WHAT IS NEEDED:
Take the line that contains "SHŌGUN Clip - Mariko" and all lines after it, up to and including the last line of the data, and write them out exactly; nothing else belongs in the answer.

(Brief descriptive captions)
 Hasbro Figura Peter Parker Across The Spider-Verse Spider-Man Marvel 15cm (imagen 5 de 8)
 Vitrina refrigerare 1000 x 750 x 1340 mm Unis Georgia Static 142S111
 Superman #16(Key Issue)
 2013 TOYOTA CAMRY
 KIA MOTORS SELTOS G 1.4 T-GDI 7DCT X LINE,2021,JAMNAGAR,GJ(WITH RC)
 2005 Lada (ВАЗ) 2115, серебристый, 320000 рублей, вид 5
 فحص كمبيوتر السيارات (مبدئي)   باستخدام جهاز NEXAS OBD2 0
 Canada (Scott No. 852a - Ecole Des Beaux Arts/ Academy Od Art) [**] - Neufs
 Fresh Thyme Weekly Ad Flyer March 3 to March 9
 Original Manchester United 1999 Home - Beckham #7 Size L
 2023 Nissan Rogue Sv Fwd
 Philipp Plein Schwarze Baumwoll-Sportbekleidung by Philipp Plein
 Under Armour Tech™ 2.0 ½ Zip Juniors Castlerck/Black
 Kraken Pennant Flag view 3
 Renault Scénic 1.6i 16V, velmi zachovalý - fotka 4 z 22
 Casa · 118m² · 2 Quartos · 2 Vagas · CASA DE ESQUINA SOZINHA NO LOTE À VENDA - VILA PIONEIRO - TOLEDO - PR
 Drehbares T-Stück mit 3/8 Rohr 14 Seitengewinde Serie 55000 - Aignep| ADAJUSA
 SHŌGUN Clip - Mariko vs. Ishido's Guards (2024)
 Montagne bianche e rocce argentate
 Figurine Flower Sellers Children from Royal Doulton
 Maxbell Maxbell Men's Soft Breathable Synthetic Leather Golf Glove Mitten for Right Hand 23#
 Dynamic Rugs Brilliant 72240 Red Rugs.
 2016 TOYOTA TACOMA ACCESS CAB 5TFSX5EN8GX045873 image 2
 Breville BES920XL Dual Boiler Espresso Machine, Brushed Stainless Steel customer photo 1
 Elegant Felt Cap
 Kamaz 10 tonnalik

ANSWER SPACE:
 SHŌGUN Clip - Mariko vs. Ishido's Guards (2024)
 Montagne bianche e rocce argentate
 Figurine Flower Sellers Children from Royal Doulton
 Maxbell Maxbell Men's Soft Breathable Synthetic Leather Golf Glove Mitten for Right Hand 23#
 Dynamic Rugs Brilliant 72240 Red Rugs.
 2016 TOYOTA TACOMA ACCESS CAB 5TFSX5EN8GX045873 image 2
 Breville BES920XL Dual Boiler Espresso Machine, Brushed Stainless Steel customer photo 1
 Elegant Felt Cap
 Kamaz 10 tonnalik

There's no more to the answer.